I’m utterly dependent on a certain popular brand of razor blade. I can’t shave satisfactorily with anything else. This troubles me because I dislike being reliant on any one thing and they also happen to be stupidly expensive. What’s more, the only reason I started using them in the first place is because the manufacturer cravenly sent a freebie when I turned 16. I’m nothing but a victim of drug dealer-style marketing.

We idlers want to be free; free to live pleasantly, creatively and with little fuss. The best way to be free, I’ve found, is to have as few dependencies as possible. You’re not really free when you have dependencies. Sometimes we freewheelers have be tough and fall back on our resourcefulness instead of indulging expensive, work-generating habits.

I suspect, alas, that being in thrall to multiple dependencies is the default state for most worker-consumers. Wage slavery itself is a kind of dependence — dependence on a pay cheque — or we wouldn’t bloody well do it; caffeine and alcohol are the standard substance dependencies for those trying to survive wage slavery without going insane; and of course mobile phones, cars, convenience food, trips to the mall and all the rest of it are learned (or remotely-cultivated) dependencies that make us work ever harder.

Best, I reckon, to wean ourselves off each and every dependency so we can be free and properly idle. This is not to say we should be Puritanical — I for one continue to drink, fornicate, swear, lie, occasionally steal, pick my nose, and frighten flocks of pigeons — but that we cultivate lives where pleasures are mindful ones and not dependencies. I suppose the defining difference is that a pleasure is indulged in occasionally and deliberately, while dependencies are constant, dictate our actions, and contribute to the “fixed costs” of living. When we can’t engage in our dependencies — can’t get coffee or look at our phones — we feel uncomfortable and removed from the moment. In my case, I have to fork out fifteen quid for razor blades each month.

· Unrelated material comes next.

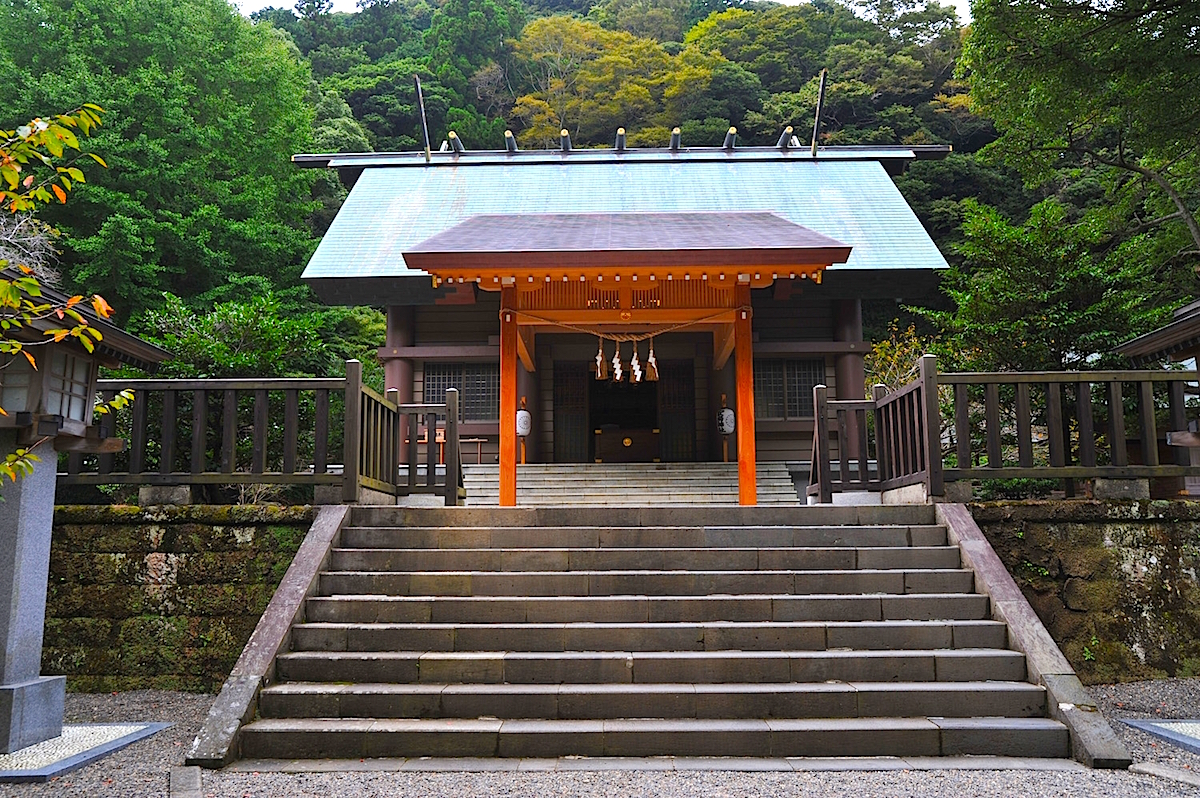 安房神社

Aside from the razor blade fiasco, I’m quite good at quitting things. Here are the little tricks I use for beating addictions to worker-consumer shite:

Don’t be a Muggle. Because of my little round eye-glasses, a lot of rather dim-witted people like to tell me that I look like Harry Potter. I don’t. I look like Harold Lloyd and, in the right light, Sue Perkins. I accept the charge of being magic though. Such imaginary superiority gives one the strength to do magical things; things like have the sheer arrogance to not to watch television or drink fizzy pop or drive a car. Those things are Muggle technologies and not for promising young wizards. Try it. Pretend to be magic. Just don’t hurt anyone by waving that stick about.

Identify. On what are you unnecessarily dependent? Make a little list. Or a big list. Soon we can have fun eliminating them.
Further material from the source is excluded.